Namorado started her published writing career with short stories and poems in periodicals, such as A Renascença (The Renaissance) and A Mocidade (Youth), the weekly publication of the Liga da Mocidade Republicana (League of the Republican Youth). In 1929 she began collaborating with Maria Lamas on the magazine Modas e Bordados (Fashions and Embroidery) published as a supplement to the daily newspaper O Século. For thirteen years she would sign her articles with the different pseudonyms, "Milú", "Maria Lúcia", "Tricana", "Marianela" and "Dona Experience", depending on the subject covered by the article, which could range from cooking recipes, childcare tips, advice for teenagers, and even advice columns of the Agony Aunt type. In 1932, she began to write fortnightly in the children's section and the women's section of the newspaper Notícias de Penacova, which was by this time edited by her husband, signing her articles under her maiden name or with the pseudonym "Qui-Quiriqui". In 1937, the family moved to Golegã, where she published her first book in the same year, a novella entitled Negro e Cor de Rosa (Black and pink), under the name Maria Lúcia. Three years later, she moved to Lisbon, where she wrote A Mulher dona de casa (The housewife) in 1943 and Joaninha quer casar (Joaninha wants to get married: advice to girls) in 1944.

==Publishing==
In June 1942, Namorado started to publish the monthly magazine Os Nosso Filhos (Our Children), which she directed and edited with the financial support of António Júlio Vassalo, her cousin. The magazine was addressed to parents and published articles written by both supporters and opponents of the authoritarian Estado Novo regime, including Alice Vieira and Mário Castrim. The magazine covered some of the biggest problems that mothers faced in their daily lives: lack of education; lack of family planning; lack of support for working women; domestic violence; and high infant-mortality rates. Another recurring theme was the need for school libraries as a way of combating illiteracy. It ran campaigns to help and support disadvantaged children, such as those with disabilities or even victims of the Second World War, for which work it was awarded the Cross of Merit of the Portuguese Red Cross in November 1947. In addition to the magazine, Namorado also created a publishing house with the same name, Os Nosso Filhos, which published her works and those of other children's writers, such as Matilde Rosa Lopes de Araújo, Virgínia Lopes de Mendonça, Maria Elisa Nery de Oliveira and Maria Isabel César Anjo.

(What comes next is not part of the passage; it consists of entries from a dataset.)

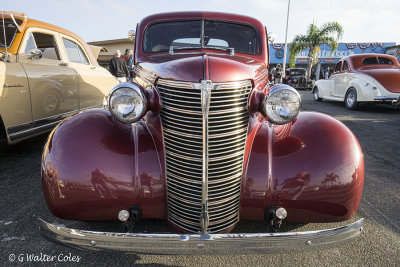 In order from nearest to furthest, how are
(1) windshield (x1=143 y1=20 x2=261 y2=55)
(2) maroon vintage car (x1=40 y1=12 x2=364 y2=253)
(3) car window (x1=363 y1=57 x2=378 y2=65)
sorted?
(2) maroon vintage car (x1=40 y1=12 x2=364 y2=253)
(1) windshield (x1=143 y1=20 x2=261 y2=55)
(3) car window (x1=363 y1=57 x2=378 y2=65)

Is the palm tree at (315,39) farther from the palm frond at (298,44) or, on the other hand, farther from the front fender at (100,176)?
the front fender at (100,176)

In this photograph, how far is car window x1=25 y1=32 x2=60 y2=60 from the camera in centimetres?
405

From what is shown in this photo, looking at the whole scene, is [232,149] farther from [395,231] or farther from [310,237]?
[395,231]

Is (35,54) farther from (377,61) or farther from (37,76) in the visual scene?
(377,61)

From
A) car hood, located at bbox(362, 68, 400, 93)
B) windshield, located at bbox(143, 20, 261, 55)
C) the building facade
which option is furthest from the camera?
the building facade

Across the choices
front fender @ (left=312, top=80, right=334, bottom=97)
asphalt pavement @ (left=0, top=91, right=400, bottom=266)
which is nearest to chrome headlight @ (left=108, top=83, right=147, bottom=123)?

She also directed a biweekly radio programme called "Programme for Mothers".

==Activism==
In the 1940s, Namorado became a member of the Portuguese League of Social Protection , where she proposed the creation of a Child Protection League (although it never materialized). She also joined Maria Lamas as a member of the Conselho Nacional das Mulheres Portuguesas (National Council of Portuguese Women), where she was secretary of the general assembly and president of its propaganda committee. Her three books were included in the "Exhibition of Books Written by Women" in 1947, which was organised by the National Council. She joined the Associação Feminina Portuguesa para a Paz, (Portuguese Women's Peace Association - AFPP) and the Liga Portuguesa Abolicionista (Portuguese Abolitionist League), an organization devoted to the abolition of prostitution. She was also associated with the Movement of Democratic Unity, an umbrella grouping of organizations, which was founded in October 1945 and was opposed to the authoritarian government of the time.

==Censorship==
During the 1950s, Os Nossos Filhos was heavily targeted by Portugal's censors. Namorado encouraged the use of pseudonyms to protect the contributors and asked her writers to practise an element of "self-censorship". This did not please all of her collaborators but did ensure the survival of several authors who were prohibited from working. This kept the publication going until 1958 when monthly publication was suspended. Until 1964 one annual issue was produced and then Os Nosso Filhos closed down as a result of financial difficulties and repression by the regime.

==Later activities==
Forced to look for a new livelihood, close to the age of fifty and separated from her husband, Namorado returned to her studies to obtain diplomas as a pre-school and primary teacher, as well as beginning to learn English and French. In 1959 she took a position at the Sain Foundation , which supported the integration of the blind into Portuguese society. Continuing her activism, she joined the Portuguese Association of Deaf People, the Portuguese League for the Protection of Disabled People, the Portuguese Association for Education through Art, and the International Council of Books for Young People, and was approved as a member of the Portuguese Society of Writers. She continued to write occasional stories on children's pages of newspapers and magazines and also gave advice on reading for parents and on food for children, using her own name and a variety of pseudonyms. In 1966 she published A História do Pintainho Amarelo (The Story of the Yellow Chick), a children's story book on the rehabilitation of the blind in Portugal, with illustrations by Maria Keil; in 1968 A História de um Bago de Milho; and in 1971 O Segredo da Serra Azul and the collection, Os Livros da Grande Roda, which contained stories by other authors.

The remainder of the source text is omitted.